Executes Python function provided by the user on a column (columns) of DataFrame connected to its input port.
Returns modified DataFrame
.
Also returns a Transformer that can be later applied
to another DataFrame
with a Transform operation.
The function that will be executed has to:
be named transform_value
,
take exactly two arguments: the value to be transformed and the name of column currently being transformed,
return the transformed value that conforms to the selected target type (parameter).
The function is applied to the input DataFrame
in parallel for better performance.
The variables and functions available in the operations’ global scope:
dataframe()
- a function that returns the input DataFrame
for this operation.
Everytime the input DataFrame
changes, the dataframe()
returns the updated DataFrame
.
sc
- Spark Context
spark
- Spark Session
sqlContext
- SQL Context
def transform_value(value, column_name):
return value
Since: Seahorse 1.0.0
Port | Type Qualifier | Description |
---|---|---|
0 |
DataFrame |
The DataFrame to be transformed. |
Port | Type Qualifier | Description |
---|---|---|
0 |
DataFrame |
The output DataFrame . |
1 |
Transformer |
A Transformer that allows to apply the operation on other
DataFrames using a Transform. |
Name | Type | Description |
---|---|---|
column operation code |
Code Snippet |
The Python code to be executed.

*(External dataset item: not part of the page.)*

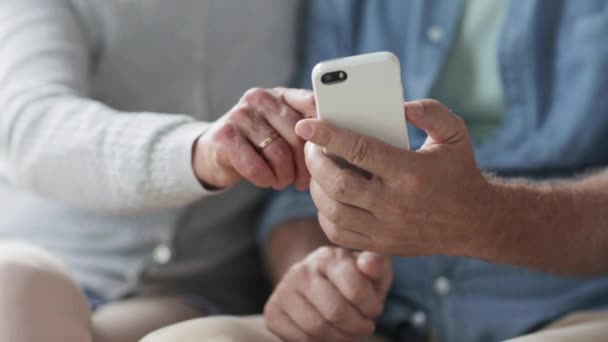 Щаслива старша пара зі смартфонами вдома — стокове відео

It has to contain a Python function complying to the signature presented in the operation's description. |
target type |
Choice |
The target type of the conversion. Possible values are:
[String, Boolean, Timestamp, Double, Float, Long, Integer, Vector] . |
operate on |
InputOutputColumnSelector |
Input and output columns for the operation. |
Name | Value |
---|---|
column operation code |
def transform_value(value, column_name): return min(value, 2.0) |
target type |
double |
operate on |
one column |
input column |
"Weight" |
output |
append new column |
output column |
"WeightCutoff" |
Animal | Kind | Weight |
---|---|---|
Cow | Mammal | 300.0 |
Ostrich | Bird | 0.5 |
Dog | Mammal | 5.0 |
Sparrow | Bird | 0.5 |
Thing | null |
Animal | Kind | Weight | WeightCutoff |
---|---|---|---|
Cow | Mammal | 300.0 | 2.0 |
Ostrich | Bird | 0.5 | 0.5 |
Dog | Mammal | 5.0 | 2.0 |
Sparrow | Bird | 0.5 | 0.5 |
Thing | null | null |